=== PROVIDED MATERIAL ===
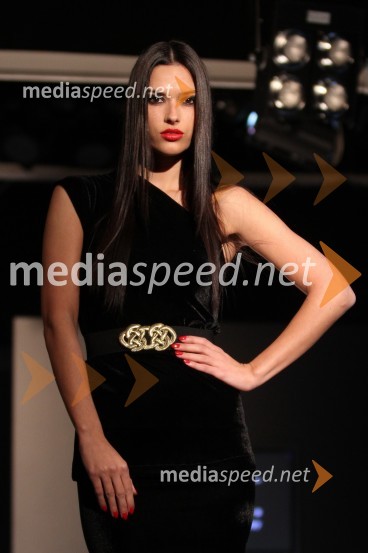 Sandra Marinovič, druga spremljevalka Miss Universe 2010The Lie, predstavitev blagovne znamke Jerneje Podbevšek Zhembrovskyy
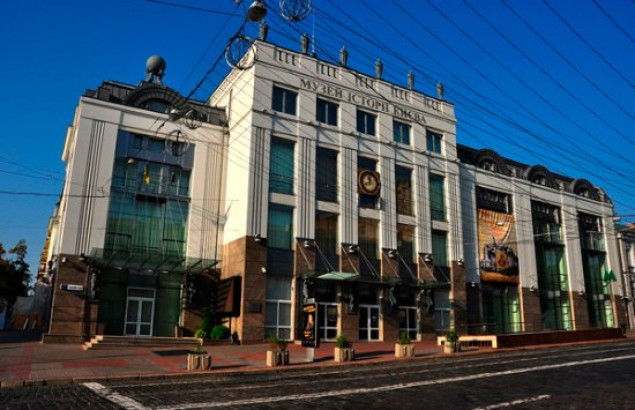 Центральные и столичные власти не могут разобраться, кто же должен попросить Зеленского присвоить Музею истории Киева статус национального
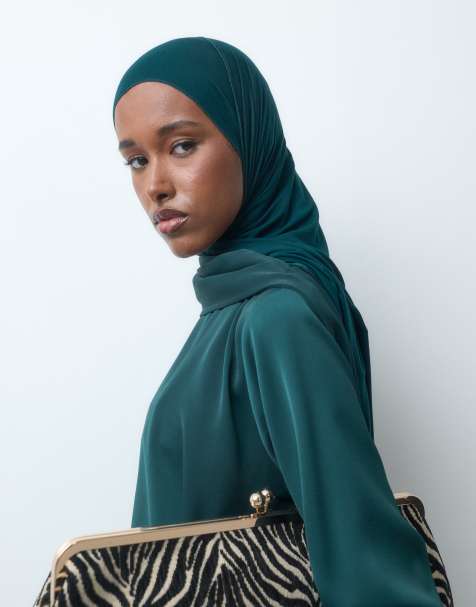 IYAL super soft bamboo rich jersey headscarf in forest green - view 1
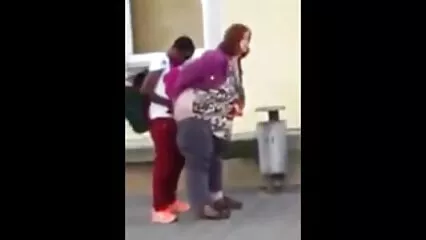 עזרה סרטים כחולים באורך מלא חינם לא לחינם.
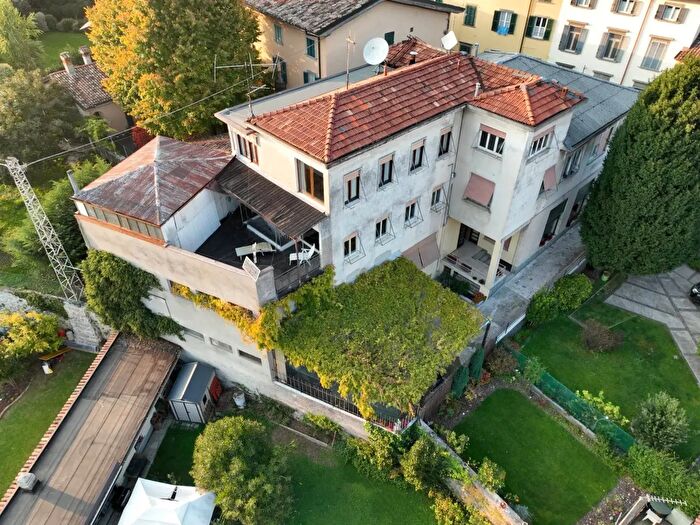 Casa con 5 locali in vendita in Albino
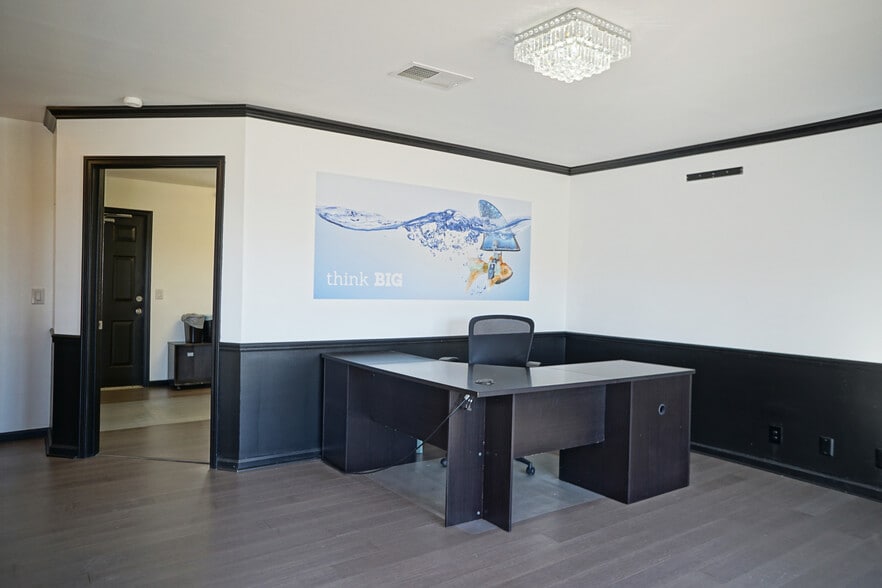 More Photos Of 114 Canfield Pl, Hendersonville Office For Sale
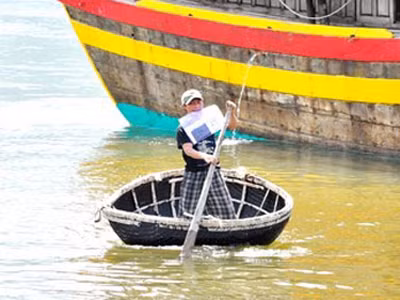 Ngư dân đu dây làm... thủ tục xuất bến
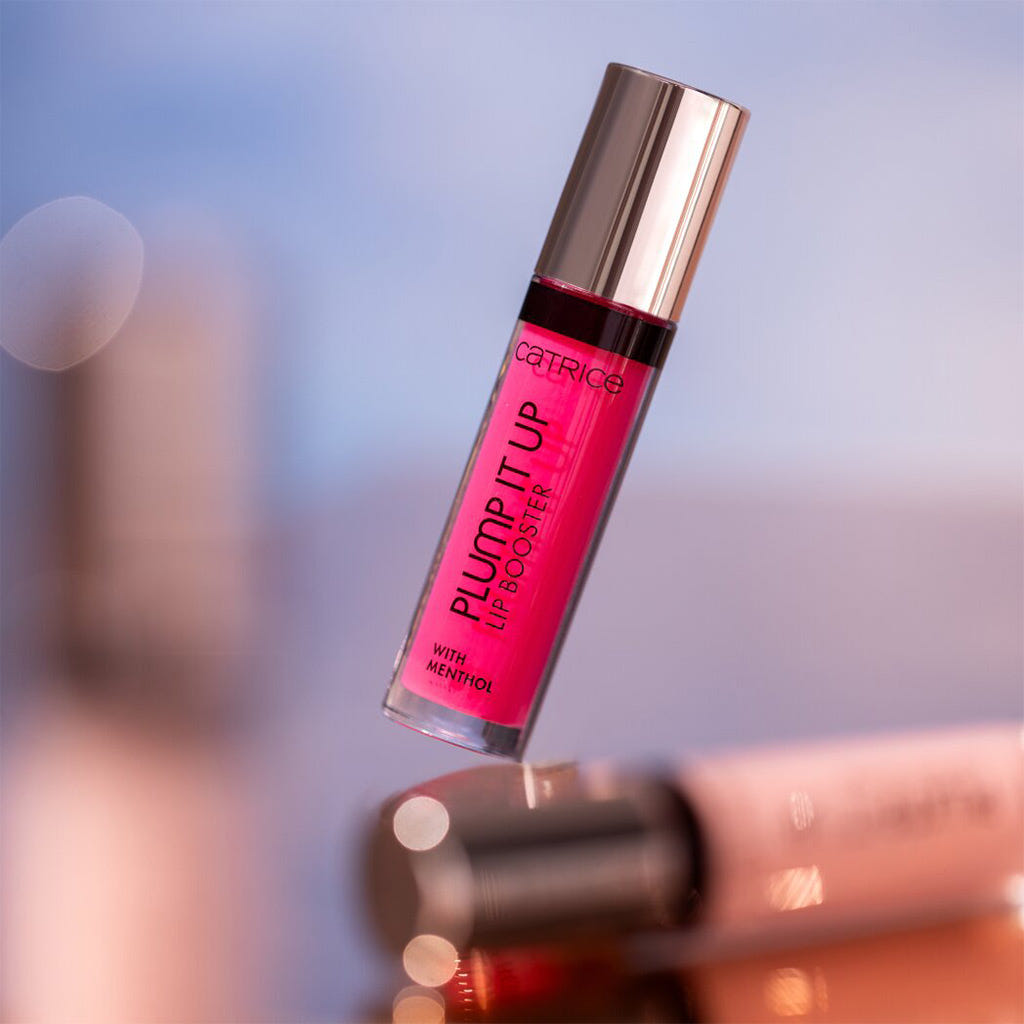Catrice Cosmetics Plump It Up Lip Booster (3.5ml) - Lifestyle Shot 1 [080 Overdosed On Confidence]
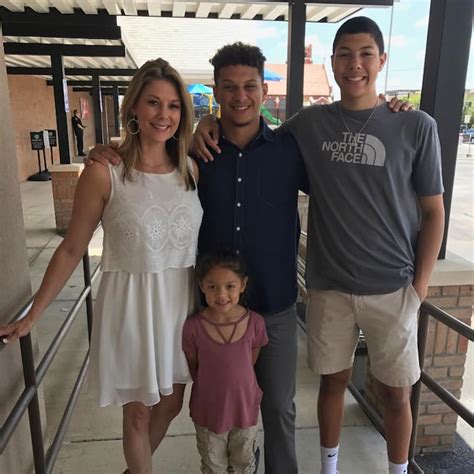 Meet Patrick Mahomes family: Wife, father, mother, brothers, sisters ...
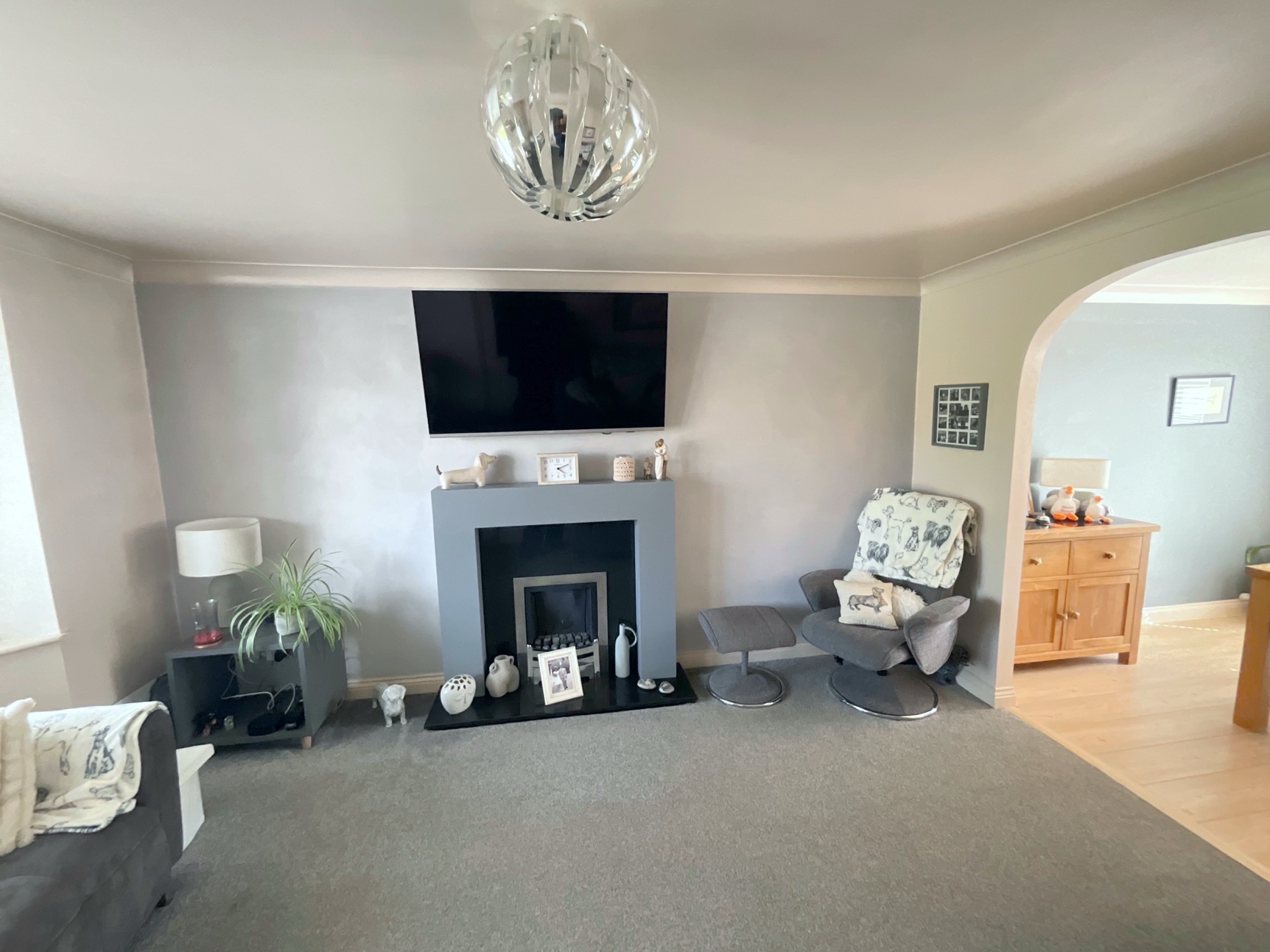 living room 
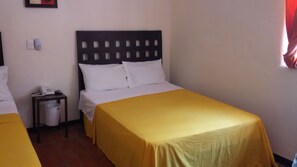 Family Room, Multiple Beds, Private Bathroom | Free WiFi, bed sheets - Posada Hotel Punto Guadalajara (Guadalajara)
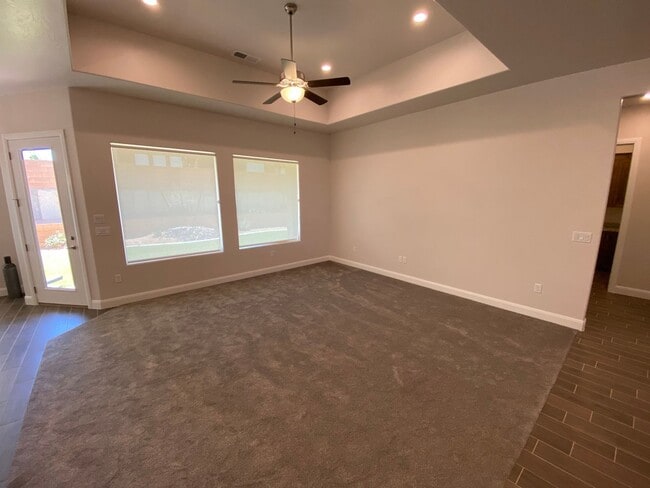 Building Photo - BeautifulLedges Home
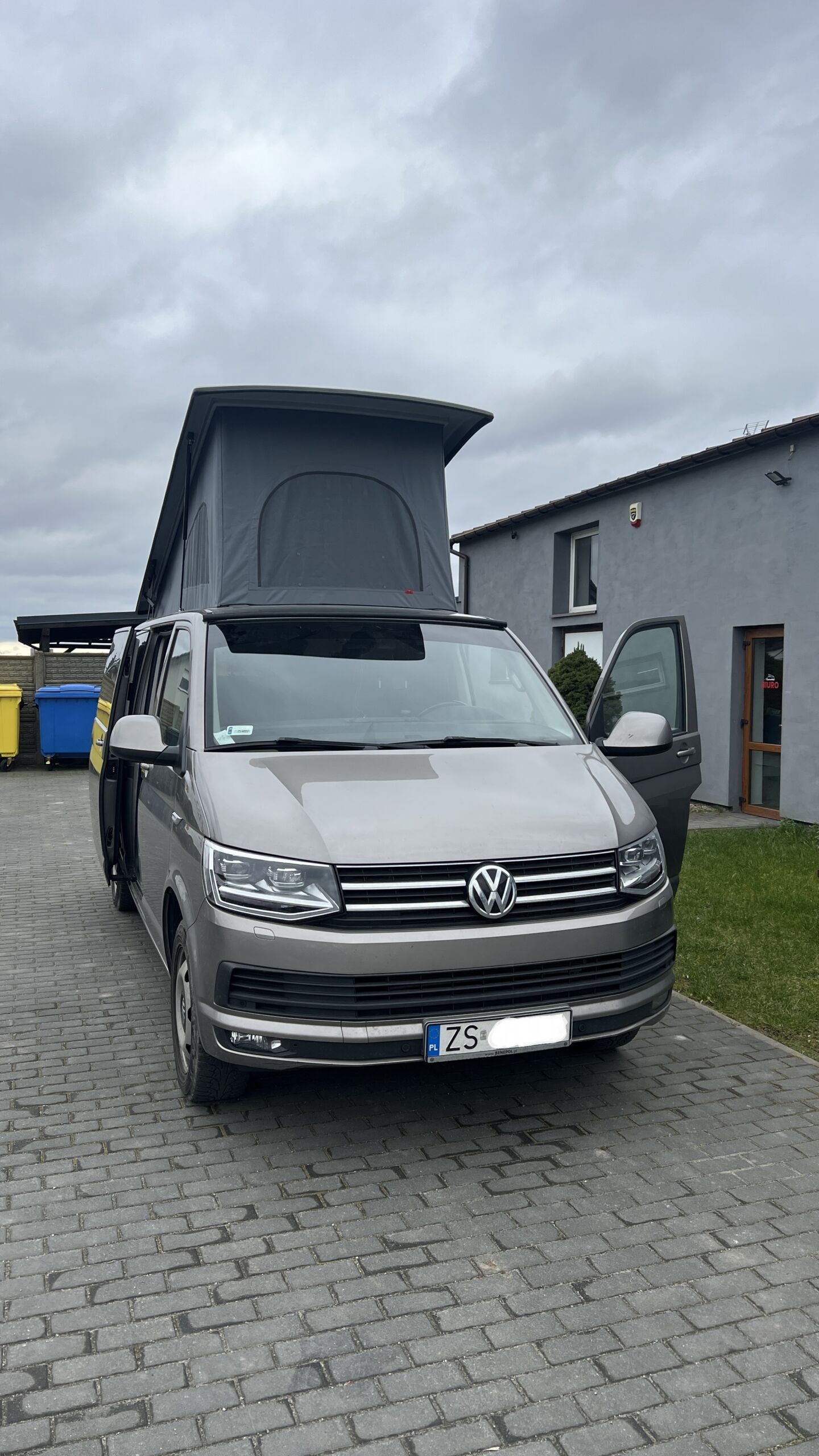 Volkswagen T6 z dachem sypialnym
===
Repeat the data word for word. Skip the pictures.

TASK ANSWER –
 Sandra Marinovič, druga spremljevalka Miss Universe 2010The Lie, predstavitev blagovne znamke Jerneje Podbevšek Zhembrovskyy
 Центральные и столичные власти не могут разобраться, кто же должен попросить Зеленского присвоить Музею истории Киева статус национального
 IYAL super soft bamboo rich jersey headscarf in forest green - view 1
 עזרה סרטים כחולים באורך מלא חינם לא לחינם.
 Casa con 5 locali in vendita in Albino
 More Photos Of 114 Canfield Pl, Hendersonville Office For Sale
 Ngư dân đu dây làm... thủ tục xuất bến
Catrice Cosmetics Plump It Up Lip Booster (3.5ml) - Lifestyle Shot 1 [080 Overdosed On Confidence]
 Meet Patrick Mahomes family: Wife, father, mother, brothers, sisters ...
 living room 
 Family Room, Multiple Beds, Private Bathroom | Free WiFi, bed sheets - Posada Hotel Punto Guadalajara (Guadalajara)
 Building Photo - BeautifulLedges Home
 Volkswagen T6 z dachem sypialnym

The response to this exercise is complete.